Here’s the repo: https://github.com/brkcvlk/MLFCrafter
I’d love feedback on:
What features would make this more useful for real-world ML projects?
How can I improve usability and adoption?
Tips on growing an open-source project from solo development to a widely used framework?
Thanks in advance for any advice or thoughts!
Not an ML guy, but getting people to use a new framework is going to be super hard in a field like ML that is churning at such an insane rate. I’m not an insider but I just can’t imagine anyone with real skin in the game and deadlines has the time to jump in.
It’s tough but would you be willing to consider adding value to the metaflow ecosystem instead?
Hey, really appreciate your thoughtful comment and you're absolutely right.
The ML space is evolving at a crazy pace, and I totally get that people who are deep in the field with real deadlines don’t have the bandwidth to adopt yet another framework. That’s why I’m not aiming to build a framework from scratch to compete, but rather to build a productivity and automation layer on top of existing tools like Metaflow.

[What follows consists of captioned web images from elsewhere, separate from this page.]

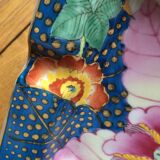 China porcelain ashtray enamelled with a tobacco leaf decoration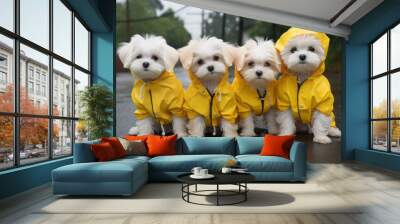 Four maltese puppies in yellow slickers, maltese dogs, Cute adorable Maltese dogs in yellow rain jacket Wall mural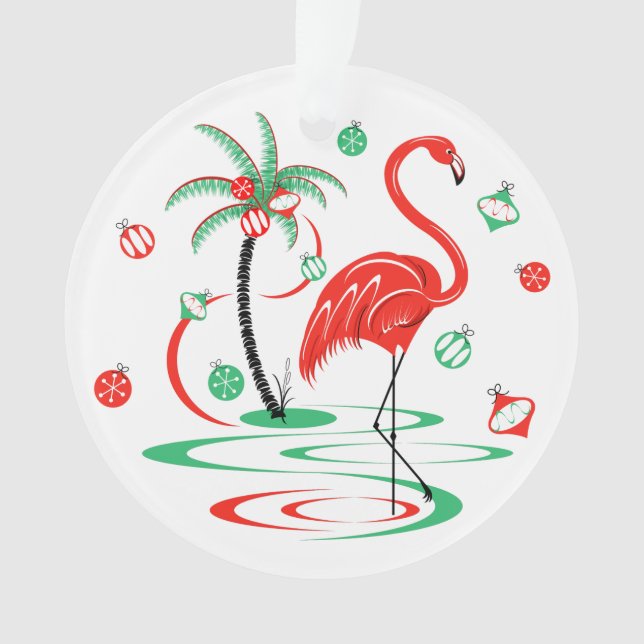 Adorno Navidades rojos Flamingo Baubles redondo acrílico (Anverso)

Yeah really didnt want to discourage you but I feel like its totally greenfield in metaflow land (they just open sourced right?) and if you improved stuff there you’d have superb market fit as teams tried it out.

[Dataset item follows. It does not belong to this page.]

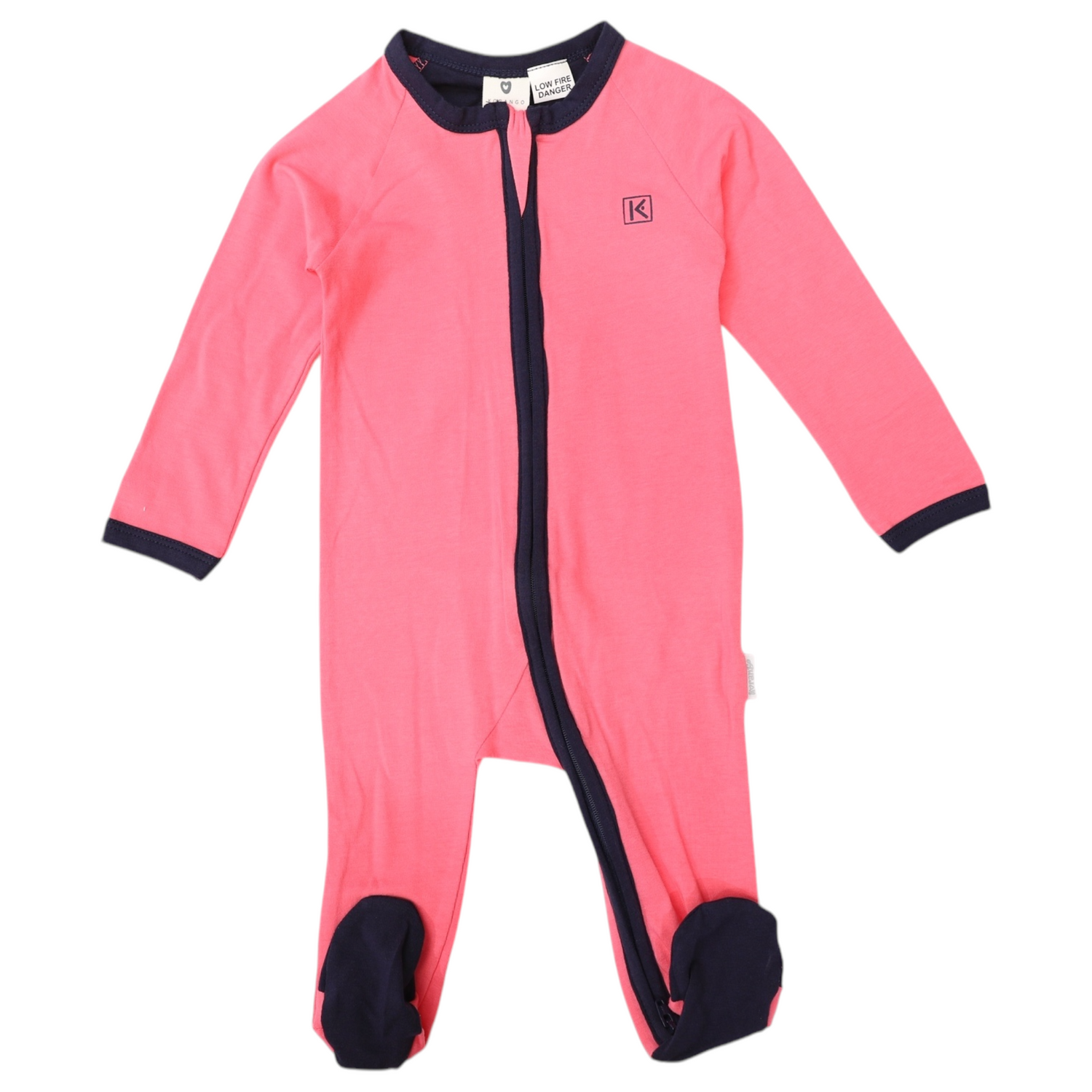 Cotton Stretch Long Sleeve Romper with Zip - Pink/Navy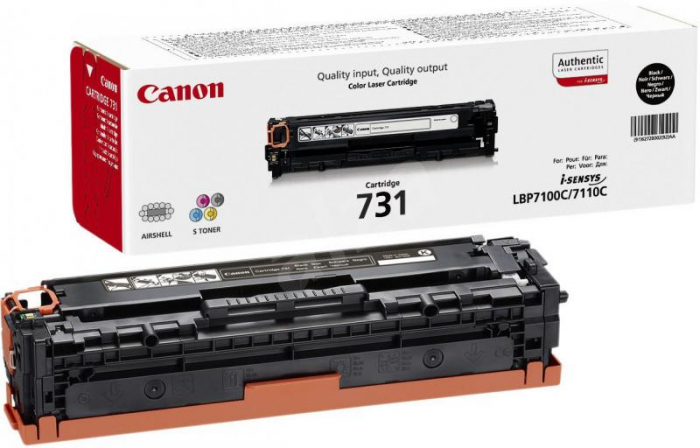 Toner Canon CRG731B, black, capacitate 1400 pagini, pentru LBP7100C, LBP7110C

Cargo culting netflix’s tech is usually a bit questionable but maybe not this time!
> The ML space is evolving at a crazy pace, and I totally get that people who are deep in the field with real deadlines don’t have the bandwidth to adopt yet another framework. That’s why I’m not aiming to build a framework from scratch to compete, but rather to build a productivity and automation layer on top of existing tools like Metaflow.

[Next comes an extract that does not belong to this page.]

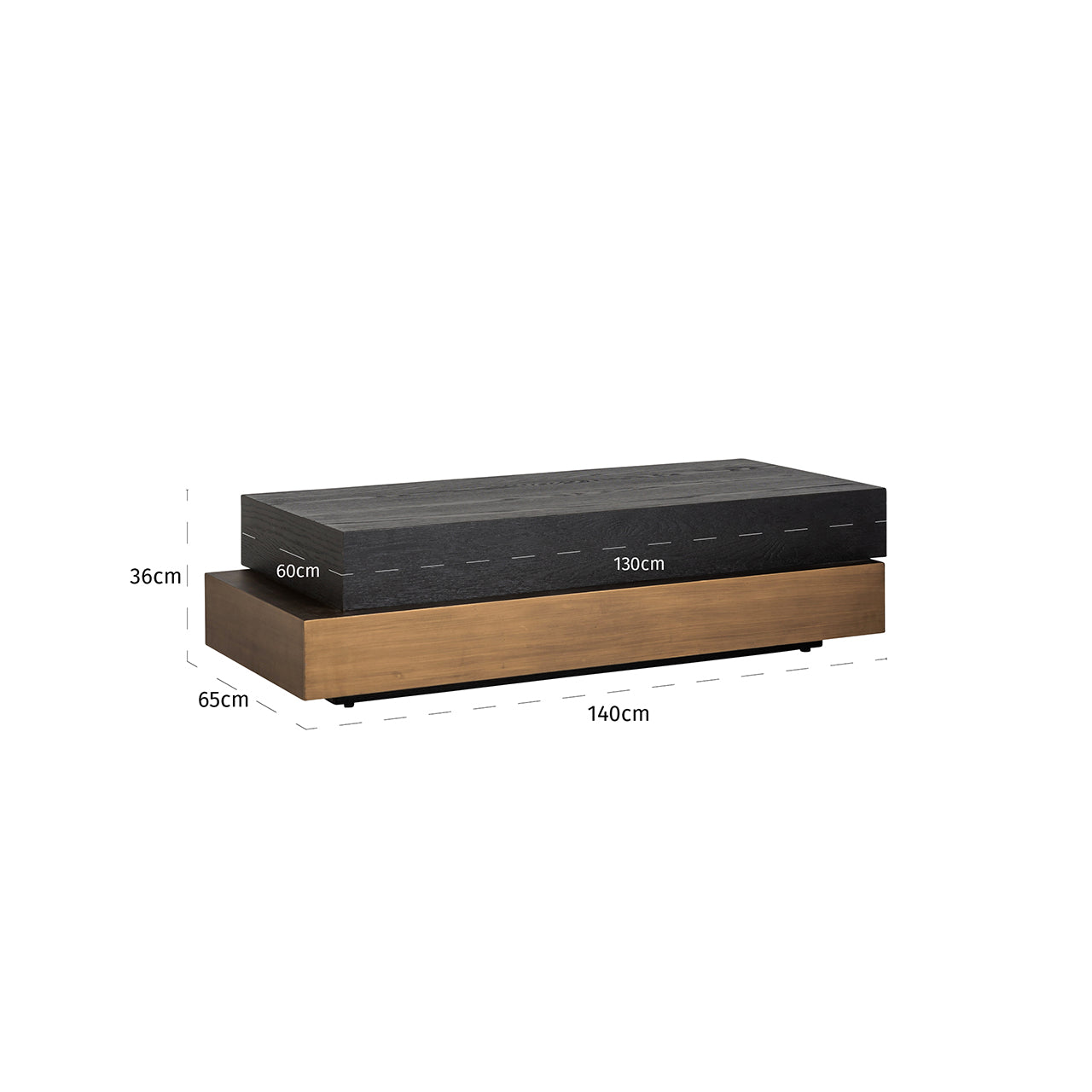 Salontafel Cambon blok (Donker koffie)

Sorry looks like this was my Lack of proper reading!
More concrete feedback:
- Docs link in readme 404s
- get to code/demonstration or your unique advantage as fast as possible in README (“complete pipeline code” on this page: https://brkcvlk.github.io/MLFCrafter/getting-started/first-p.... ?)
- if its built on metaflow be upfront about it? The value prop would be saving time/enforcing a golden path?
- “<x>Crafter” is probably noise that should be deleted
- can you collapse some of the setup lines
- it might be nice if you could feed inputs to the pipeline as a whole, then you could use the context management APIs in Python (“with” IIRC?)
[EDIT] yeah metaflow has definitely been around for a while!